Dakota Gold is a South Dakota-based pure play gold exploration and development company with a specific focus on revitalizing the Homestake District in Lead, South Dakota. Dakota Gold maintains high-caliber gold mineral properties covering over 40 thousand acres surrounding the historic Homestake Mine. The Dakota Gold team is focused on new gold discoveries and opportunities that build on the legacy of the Homestake District and its 145 years of gold mining history.

'On behalf of the board and management of Dakota Gold, and the entire team in Lead, South Dakota, I want to personally thank all shareholders of Dakota Territory and JR Resources, and all of our new shareholders who participated in Dakota Territory's $50 million private placement. All of you have directly contributed to the success of Dakota Gold Corp.,' said Jonathan Awde, President and Chief Executive Officer of Dakota Gold. 'Because of this support, we were able to dramatically expand our land package and close several mineral ownership deals with Barrick Gold Corporation, making us the largest landowner in the historic Homestake District. We have also established an ESG fund to support various local and State initiatives,' added Mr. Awde.

Co-Chairman and Director Dr. Robert Quartermain stated, 'Our strategy is to apply an entrepreneurial spirit guided by a strong shareholder alignment to acquire properties and advance projects with a sense of urgency in the Homestake District of South Dakota. This merger enables Dakota Gold to move forward and focus on its strategic objectives.'

About Dakota Gold Corp.

Dakota Gold is a South Dakota-based responsible gold exploration and development company with a specific focus on revitalizing the Homestake District in Lead, South Dakota. Dakota Gold has high-caliber gold mineral properties covering over 40 thousand acres surrounding the historic Homestake Mine.
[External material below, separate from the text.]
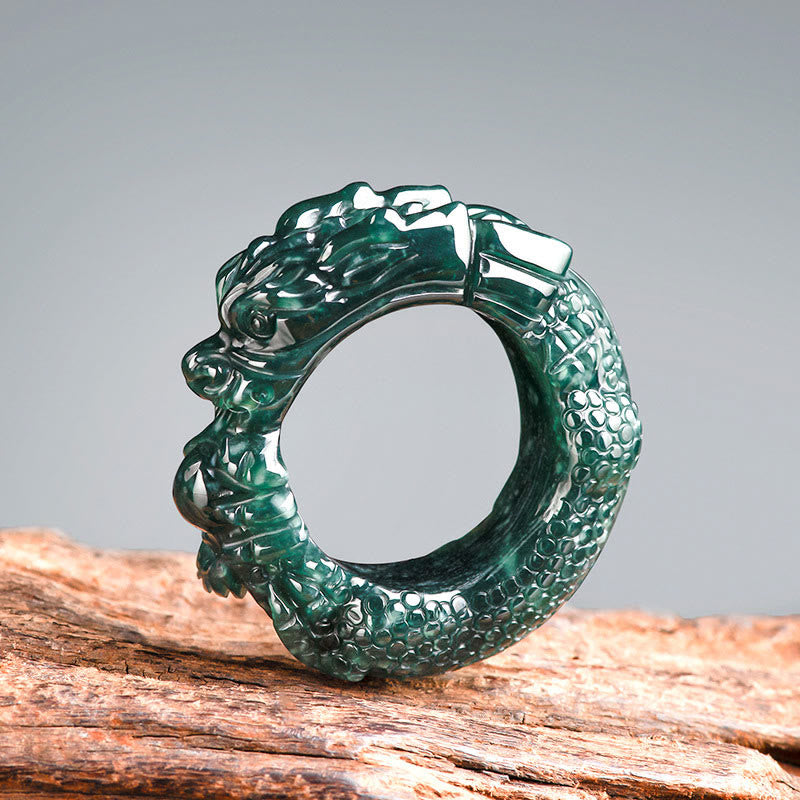Natural cyan jade dragon ring front three-quarter angle showing dark emerald green jade with integrated dragon wrap design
The Dakota Gold team is focused on new gold discoveries and opportunities that build on the legacy of the Homestake District and its 145 years of gold mining history.

Contact:

Jonathan Awde

Tel: +1 604-761-5251

Email: JAwde@dakotagoldcorp.com

Cautionary Note to U.S. Investors

The SEC limits disclosure for U.S. reporting purposes to mineral deposits that a company can economically and legally extract or produce. Our property currently does not contain any known proven or probable ore reserves under SEC reporting standards. Our reference above to the various formations and mineralization believed to exist in our property as compared to historical results and estimates from other property in the district is illustrative only for comparative purposes and is no indication that similar results will be obtained with respect to our property. U.S. investors are urged to consider closely the disclosure in our latest reports filed with the SEC.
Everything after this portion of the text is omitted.